Water is a limiting factor for plant growth in the dry and semi-dry regions. Unfortunately, traditional irrigation technology doesn't prevent high losses (about 60-70%) of irrigation water because of leaching, evaporation, and transpiration through plants. The drop irrigation system allows reducing fresh water withdrawals by reducing water leaching, but doesn’t affect evaporation and transpiration levels. New technology for reduction of water irrigation application rate was elaborated and tested in laboratory and field experiments. The base of this technology is application of Si fertilizer with high content of active Si. Plants adsorb Si in the amounts exceeding that of other nutrients.

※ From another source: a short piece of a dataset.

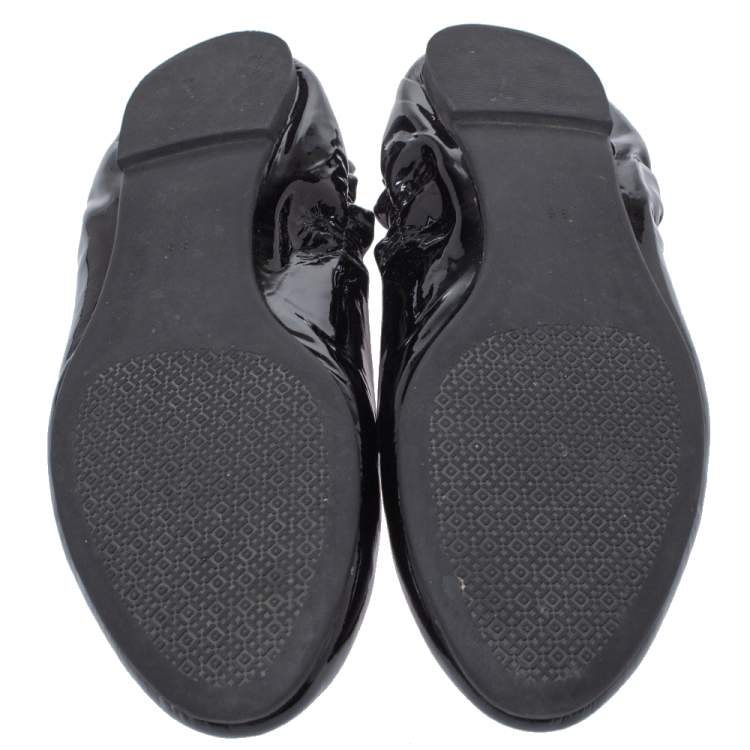 Pre Owned Tory Burch Black Patent Leather Twiggie Scrunch Ballet Flats Size 38.5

Optimization of Si nutrition results in increased weight and volume of roots by 20 to 200% and enhanced drought and salt resistance of cultivated plants. Active Si compounds are shown to be extremely important for formation of soil fertility. They have a direct effect on soil texture and increase water-holding capacity by 20 to 30% and exchange capacity by 10 to 25%. We hypothesized that available also another mechanism: the adsorbed monosilicic acid in plants can transform to polysilicic acids and form silica-gel inside or outside of plant cells. The silica gel or polysilicic acid is hydrated silicon dioxide, which play role as rechargeable water tank. One atom of Si can attach up to 20 or more moleculesof water. By this means plant can storage water inside of the plant and to use it in the critical time.

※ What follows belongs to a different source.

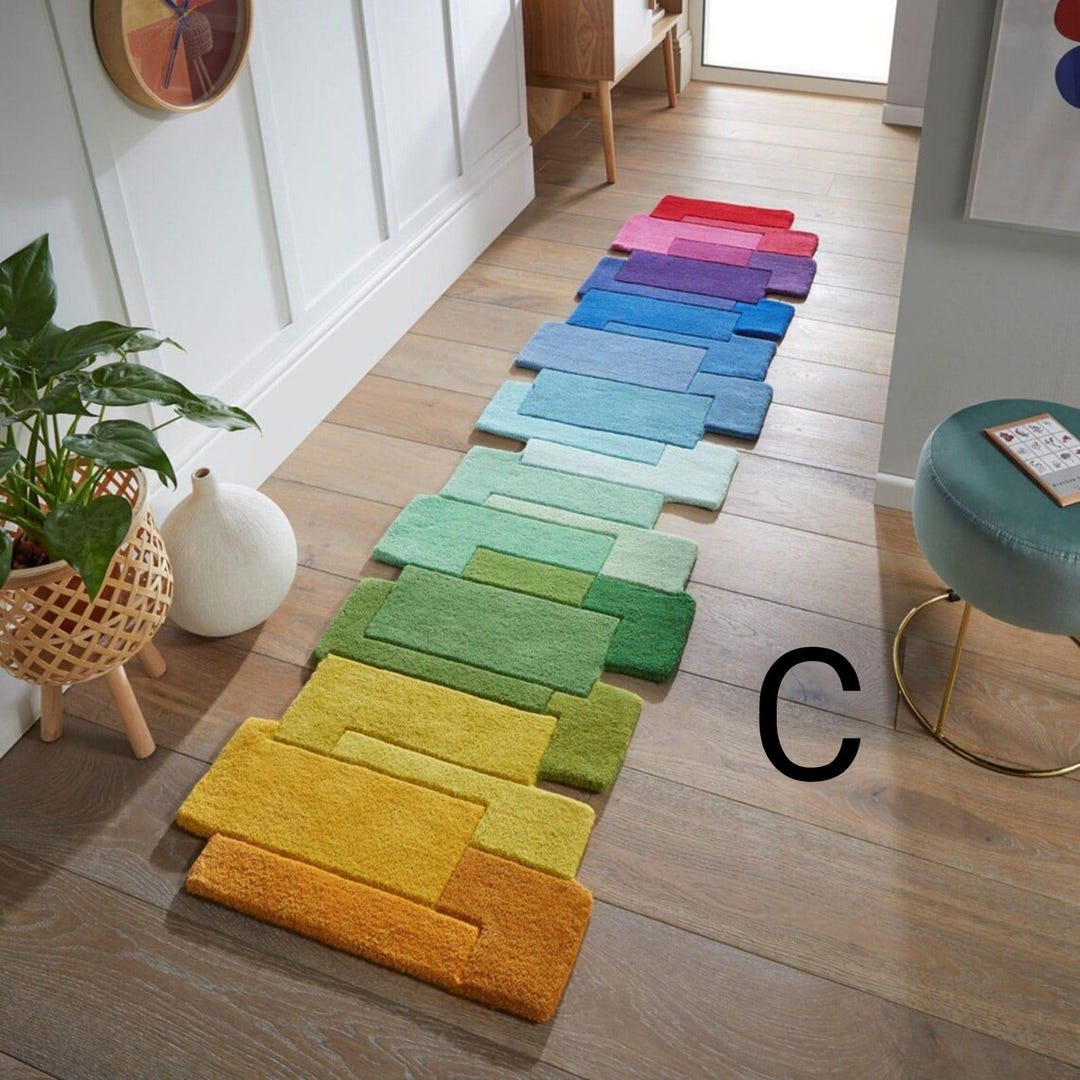 Runner Rug Outline Handmade Tufted Runner Palette Geometric Colour Block Wool Runner Rug ...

Barley, wheat and grass were used in the greenhouse experiments and sorghum in the field demonstration, which were conducted on the sandy soils. Solid Si fertilizers were used and applied before seedling of tested plant. Water regimes in the greenhouse tests were used at 100, 80, 60 and 40% from optimal irrigation level. The active Si benefits for improving soil adsorption capacity (increasing from 20 to 40%) and water holding properties (increasing from 10 to 30%), increasing plant resistance to drought and salt toxicity. The greenhouse tests with different water regimes allowed determining the most effective sources of solid and liquid Si fertilizers, which could be used on commercial fields. The technology allows reducing irrigation water application rate by 20 to 50 % without negative influence on crop productivity and quality.

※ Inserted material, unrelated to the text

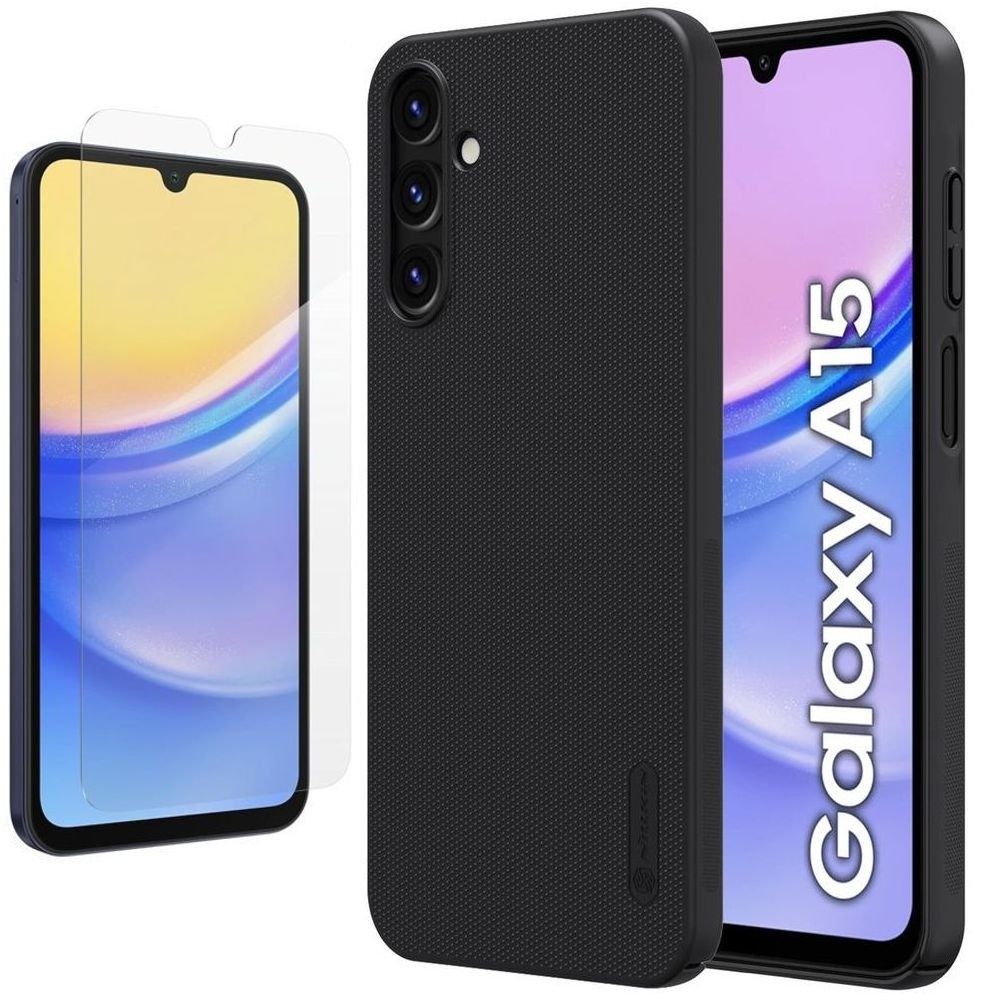 Etui NILLKIN Frosted Shield | Czarne + SZKŁO do Samsung Galaxy A15 / 5G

The field test was conducted on the 33 hectares of sandy soil. After seedling of sorghum the weather was extremely dry and during 6 months the rain was not come in. The field demonstration showed that application of commercial Si fertilizer completely safe all crop of sorghum against drought, while in the control plots all plants withered. The elaborated technology can be adapted for any soil-climatic conditions and quality of irrigation water. The elaborated technology has seven steps. The theoretical calculation of the effect of Si-based fertilizer application on the irrigated areas was calculated for Mediterranean countries.